At length appeared a young Andros,
Through the fog he came;
As if he had been a big brass band
All hailed him in God’s name.

He took the shots he ne’er had made,
And up and down he ran.
The cold did split with the rasping wit
Of analogous monkey yarn.

'God save thee, lonely Hartdog!
From the yips that plague thee thus! –
Why look’st thou so?’ – With your cross-bow
You shot that young Andros.

And you had done a hellish thing
And it would bring you woe:
For all you linger, you had killed the winger
That took you to Rio.
Ah wretch! said they, the man to slay,
That took you to Rio.

The water snakes did come and go
Thus Hartdog did repent
Self-awarded nickname no more had he
As just Joe Hart, he went.

The bullish interviews were no more,
Stage-managed candour dead.
Thus crosses could be caught, near posts protected,
Blood ceased rushing to head.

Dropped like one that hath been stunned,
An ego much forlorn:
A sadder and a wiser man,
But still speaking in a yawn.

Picking the car up.

Left the house about 09:20, and caught the bus, which dropped me off right by the station. Had a bit of help getting the tickets out if the self service machine, then got the train to Cov. Standing room only. Very busy train going to Mcr Piccadilly. Got off at Cov, then caught the Euston train with 2 minutes to spare. Found a seat easily. Old couple sat opposite - well he fell asleep, with his mouth (sans teeth OR dentures) wide open. The most gruesome thing I’ve seen in quite a while!
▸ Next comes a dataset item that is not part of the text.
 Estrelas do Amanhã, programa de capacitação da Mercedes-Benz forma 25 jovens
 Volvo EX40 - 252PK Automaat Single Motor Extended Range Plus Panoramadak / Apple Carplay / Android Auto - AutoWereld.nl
Got off at Watford and merely had to traverse a single platform (of which there are 9 (!) at Watford and another 2 minute wait for the final train trip to Hemel Heampsted. Caught a taxi to the Steering Developments HQ and immediately bumped into the lovely Niki! We spent 10 minutes catching up - she was unaware of the last 3 years experiences. Then I spoke to Tina and the Mechanic Mick who showed me the corroded part of the windscreen frame that had been letting water in. All patched up now with waterproof duct tape, but it’ll need looking at soon. I paid for the work they’d done this week (ouch!) then Mick came out with me to fill the car up at the nearest garage (£68 for a full tank, which wasn’t half as bad as I’d been expecting! I dropped him back at the workshop then headed for a rather rainy M1, having first fired up my new sat nav. Trip up was slow in places, but I had the Pink Floyd Trance Remixes CDs in my auto changer so Obscured by Clouds and part of Animals got an airing on the journey up. Went on the M45 for the first time, then headed through Ryton upon Dunsmore on the A45. Negotiated Leamington successfully and parked up, a happy bunny! Then I thought I’d better write this 😄😎

My Car!  I’m Back on the road in the UK for the first time in 3 years.

My Car! I’m Back on the road in the UK for the first time in 3 years.